### PROMPT
Each entry should be transcribed exactly as written, and any picture left out.
-----
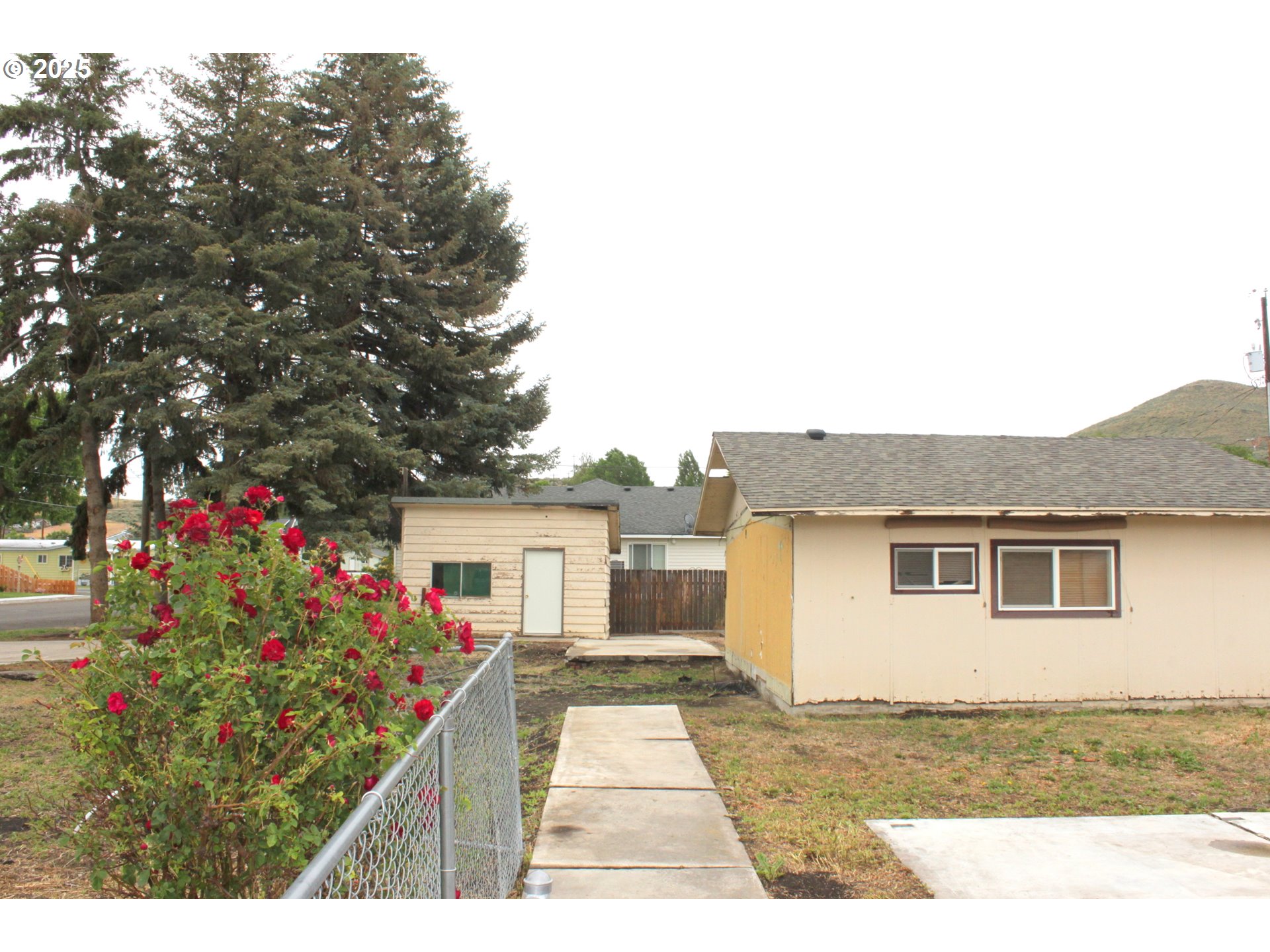 895 AUBURN AVE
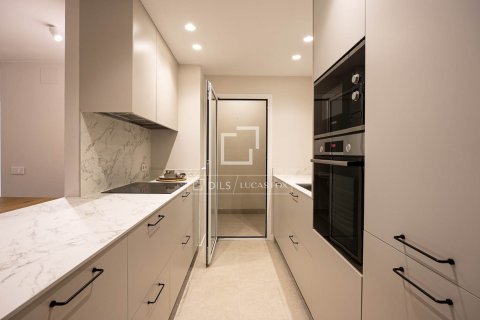 Apartamento en venta en Barcelona, España 3 dormitorios, 90 m2 No. 150323 - foto 10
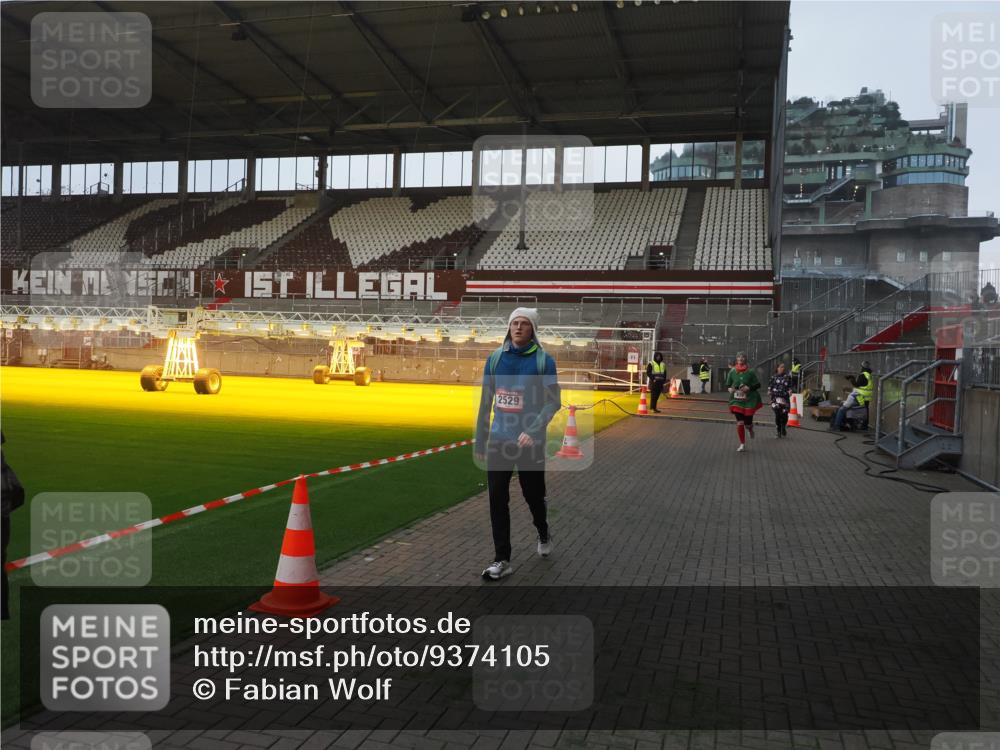 07.12.2025 - St. Pauli X-Mass-Run No. 15 Fabian Wolf http://msf.ph/oto/9374105 07.12.2025 09:59:12 Ziel 939, 1120, 2529, 3147, 3345 meine-sportfotos.de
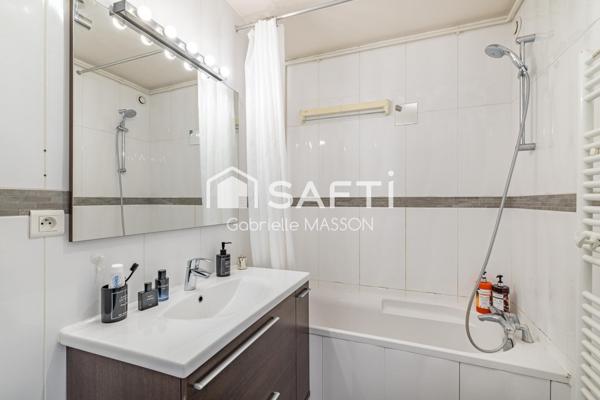 Appartement traversant avec balcon, parking et grenier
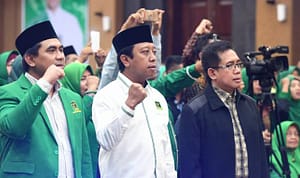 ketua-umum-dpp-ppp-romahurmuziy-tengah-min Ketua Umum Dpp Ppp Romahurmuziy Tengah Min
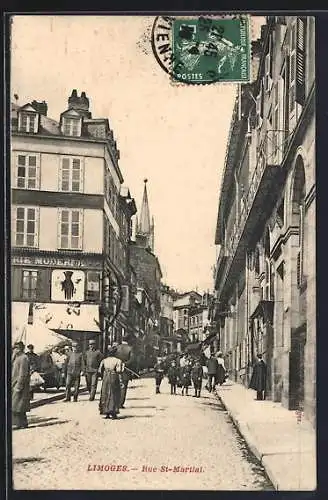 AK Limoges, Rue St-Martial animée avec passants et boutiques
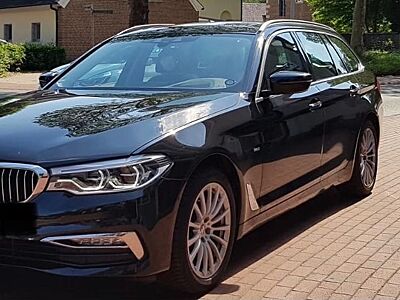 BMW 520d Touring G 31 Luxury Line, Saphireschwarz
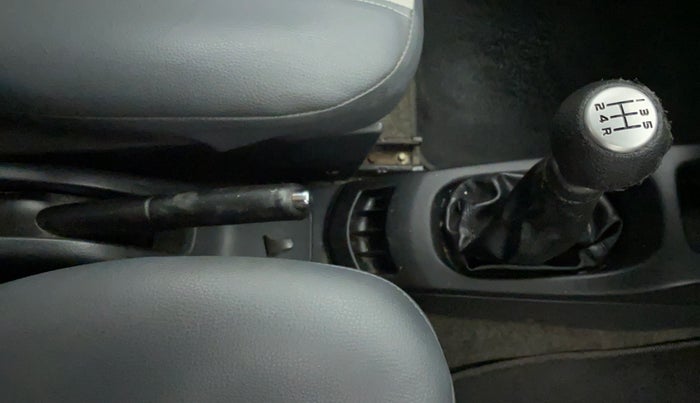 2011 Maruti Wagon R 1.0 VXI, Petrol, Manual, 60,953 km, Gear Lever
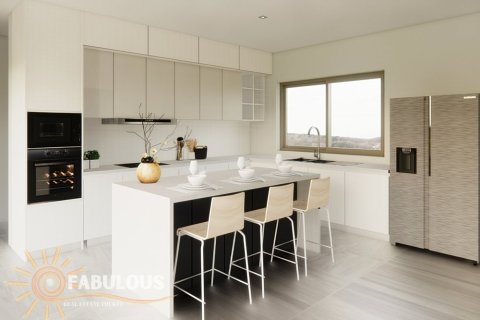 Villa in Ko Kaeo, Thailand 3 bedrooms № 179370 - photo 9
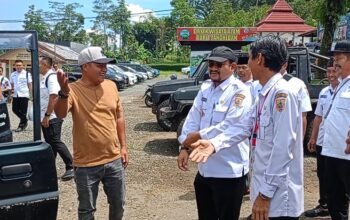 Hijaukan Bukit Tangkeban, Bupati Anom Tanam Pohon Tabebuya Komitmen Bersama Perangkat Desa Baru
-----
### OUTPUT OF THE EXERCISE
 895 AUBURN AVE
 Apartamento en venta en Barcelona, España 3 dormitorios, 90 m2 No. 150323 - foto 10
 07.12.2025 - St. Pauli X-Mass-Run No. 15 Fabian Wolf http://msf.ph/oto/9374105 07.12.2025 09:59:12 Ziel 939, 1120, 2529, 3147, 3345 meine-sportfotos.de
 Appartement traversant avec balcon, parking et grenier
 ketua-umum-dpp-ppp-romahurmuziy-tengah-min Ketua Umum Dpp Ppp Romahurmuziy Tengah Min
 AK Limoges, Rue St-Martial animée avec passants et boutiques
 BMW 520d Touring G 31 Luxury Line, Saphireschwarz
 2011 Maruti Wagon R 1.0 VXI, Petrol, Manual, 60,953 km, Gear Lever
 Villa in Ko Kaeo, Thailand 3 bedrooms № 179370 - photo 9
 Hijaukan Bukit Tangkeban, Bupati Anom Tanam Pohon Tabebuya Komitmen Bersama Perangkat Desa Baru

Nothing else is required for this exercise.